= Renate Druks =

American painter and filmmaker

Renate Druks

Renate Druks (2 January 1921 – 15 December 2007) was an American painter and filmmaker. She worked in Los Angeles, where she also practiced Thelema, the occult religious movement established by Aleister Crowley. She acted as a muse to other artists including Anaïs Nin, Marjorie Cameron and Kenneth Anger.

Druks was born in Vienna on 2 January 1921 into a Jewish family and went on to study at the Vienna Art Academy for Women. In 1938, she and her American husband fled Austria for the United States with their son, Peter. She studied further at the Art Students League, spent several years in Mexico, and eventually settled in Los Angeles. She threw lavish parties at her Malibu home, one of which became the inspiration for Anger's 1954 film, Inauguration of the Pleasure Dome.

Druks painted in a surrealist style and was inspired by paganism, tarot, and the occult. Her subjects were typically women and cats, and her style has been compared to Leonora Carrington and Leonor Fini. Her painting found little commercial success during her lifetime, but in July 2021, fourteen years after her death and more than fifty years since her last solo exhibit, a collection of her paintings was exhibited at Max Levai's Ranch gallery in Montauk, New York.

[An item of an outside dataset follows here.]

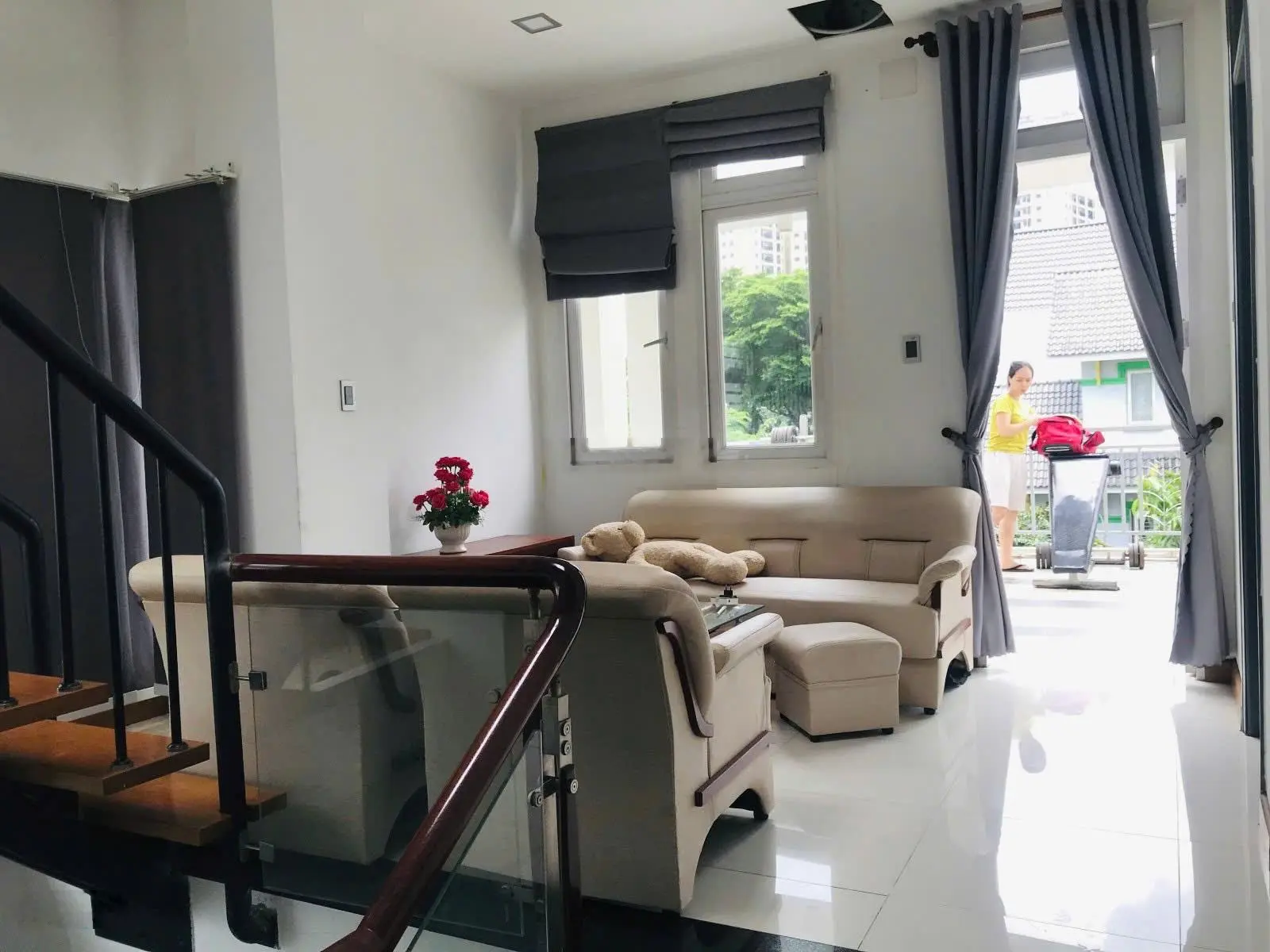 Bán nhà Biệt Thự - ngay UBND Quận 9 cũ - 230M2 - 4 Tầng - sát Xa Lộ Hà Nội - Ga Metro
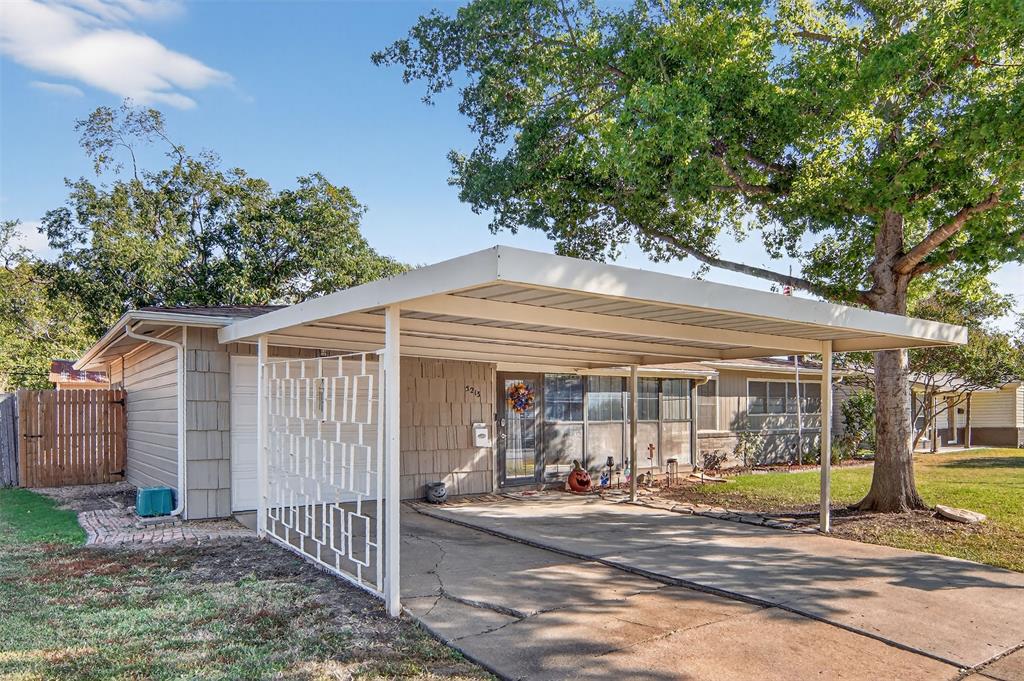 5213 Mallory Drive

She was a close friend of Anaïs Nin and, in 1979, illustrated and published Nin's memoir of their friendship, Portrait in Three Dimensions. Nin's 1964 novel, Collages, was also inspired by Druks and the two collaborated on a screenplay adapted from the work.

Druks was also a filmmaker. In 1967 she made a 12 minute documentary about her painting process, titled A Painters Journal. In 1973 her short film Space Boy was nominated for a Grand Prix at the Cannes Film Festival. Space Boy was intended as a sequel to her friend Curtis Harrington's 1966 science-fiction horror film, Queen of Blood.